The invention is again not limited in these regards.
With continued reference to FIG. 2, drilling system 100 may include
an upper threaded pin end 205, for example, for coupling the
drilling system with a rotary steerable shaft or a mud motor. The
exemplary embodiment depicted further includes near-bit stabilizer
blades 250 and is therefore configured for point-the-bit steering
operations. The invention is, of course, not limited to the mere
use of a near-bit stabilizer arrangement. Drilling system
embodiments in accordance with the invention may also be configured
for push-the-bit steering in which there is no near-bit stabilizer.
Alternative embodiments in accordance with the invention are
described in more detail below with respect to FIGS. 10 through 13.
It will also be appreciated that the near-bit stabilizer blades 250
need not be integral with tool body 110 (FIG. 3). Such blades may
also be mounted on the tool body 100, for example, via conventional
screws or other known means.
Turning now to FIGS. 3A and 3B (collectively FIG. 3), it will be
appreciated that one aspect of the present invention is the
realization that the conventional BHA configuration in which a
drill bit is threadably connected to the BHA (e.g., to a near bit
stabilizer or to a rotary steerable shaft) tends to be poorly
suited to the deployment of LWD sensors near the bit or in the bit.
One problem with the use of a threaded bit is that the threads
occupy critical BHA real-estate just above that bit. Another
problem is that the use of a threaded bit makes it difficult to run
cables (or other electrical connectors) from the bit to the BHA
since the connection is made up by rotating the bit relative to the
BHA (e.g., by applying a predetermined torque to the bit).
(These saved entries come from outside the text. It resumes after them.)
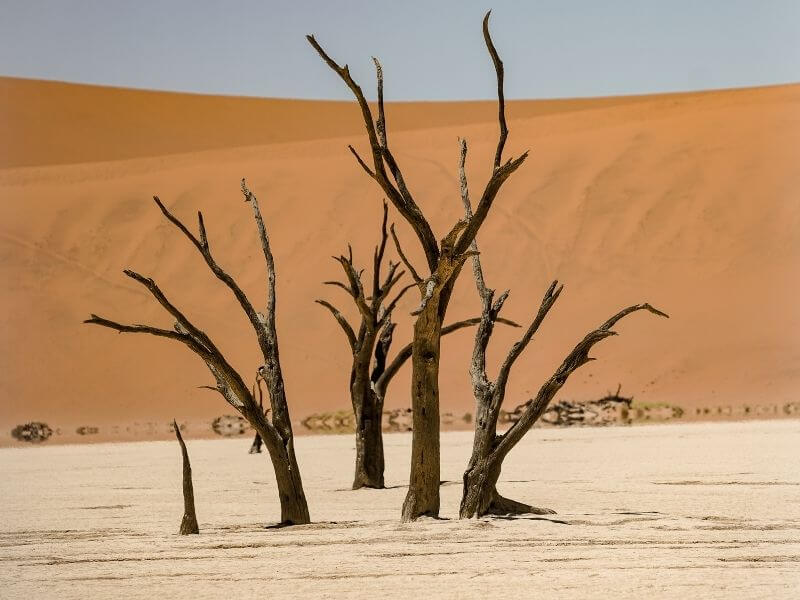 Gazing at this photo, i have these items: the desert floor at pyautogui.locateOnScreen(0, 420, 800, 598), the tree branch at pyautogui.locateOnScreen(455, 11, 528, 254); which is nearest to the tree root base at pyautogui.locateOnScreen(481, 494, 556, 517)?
the desert floor at pyautogui.locateOnScreen(0, 420, 800, 598)

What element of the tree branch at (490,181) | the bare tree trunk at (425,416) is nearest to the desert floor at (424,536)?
the bare tree trunk at (425,416)

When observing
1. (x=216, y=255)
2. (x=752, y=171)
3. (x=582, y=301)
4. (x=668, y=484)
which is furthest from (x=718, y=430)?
(x=216, y=255)

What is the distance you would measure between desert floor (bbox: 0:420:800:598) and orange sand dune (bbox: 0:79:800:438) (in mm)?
16367

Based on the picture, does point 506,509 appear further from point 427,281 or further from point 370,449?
point 370,449

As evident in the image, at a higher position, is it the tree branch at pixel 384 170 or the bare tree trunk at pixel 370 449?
the tree branch at pixel 384 170

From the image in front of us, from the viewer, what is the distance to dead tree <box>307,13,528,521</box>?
988cm

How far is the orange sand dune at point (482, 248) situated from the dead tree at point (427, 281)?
2228cm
In FIG. 3 the tool body 110 portion of drilling system 100 is
depicted in longitudinal cross section. As noted above, drilling
system 100 includes an integral logging while drilling tool portion
200 and drill bit portion 300. By integral it is meant that the
drilling system includes a one-piece tool body. As such, it will be
understood that the logging while drilling tool portion 200 and the
drill bit portion 300 cannot be repeatably connected and
disconnected from one another (e.g., via a threaded connection as
is conventional in the prior art). In the exemplary embodiment
depicted on FIG. 3, the tool body 110 is machined from a single
metallic work piece and may therefore be said to be of a unitary
construction. As described in more detail below with respect to
FIGS. 8 and 9, the drill bit body and the logging while drilling
tool body may also be integral in the sense that they are
permanently connected to one another (e.g., via an electron beam
weld). Again, there are no threads connecting the LWD tool portion
200 and the drill bit portion 300. This absence of threads between
the bit and the LWD tool enables a plurality of LWD sensors to be
deployed in and near the bit (e.g., on both the side and bottom
faces of the bit). The absence of threads also facilitates the
routing of various electrical connectors between the sensors in the
bit and electrical power sources and electronic assemblies located
above the bit. Moreover, drilling system 100 advantageously
requires no tonging surfaces at or near the bit since the bit is an
integral part of the system. This feature further facilitates
deployment of various sensors and electronics at and near the
bit.
With continued reference to FIG. 3, tool body 110 includes at least
one longitudinal bore 115 for routing the above mentioned
electrical connectors. This bore 115 provides for electrical and/or
electronic communication between the various power sources,
electronic controllers, and sensors deployed in the tool 100. For
example only, a power source located in chamber 230 may be
electrically connected with an antenna mounted in antenna groove
215, an electronic controller deployed in one of pockets 330, and
button electrodes deployed in bit cavities 314 and 316. It will be
appreciated that bore 115 may be formed, for example, using
conventional gun drilling techniques. The absence of threads
between the bit portion 300 and the LWD tool portion 200
advantageously ensures that the bore 115 is substantially
unobstructed along its full length.
Turning now to FIG. 4, drilling system 100 includes an integral
drill bit portion 300 (as described above). In the exemplary
embodiment depicted the drill bit portion 300 includes a fixed
cutter bit. While the invention is not limited in this regard and
may also utilize a roller cone bit configuration, fixed cutter bits
are generally preferred. As is known to those of ordinary skill in
the art, fixed cutter bits commonly include extremely hard cutting
elements 360 (e.g., including at least one polycrystalline diamond
layer 365) deployed on each of a plurality of cutting blades 320.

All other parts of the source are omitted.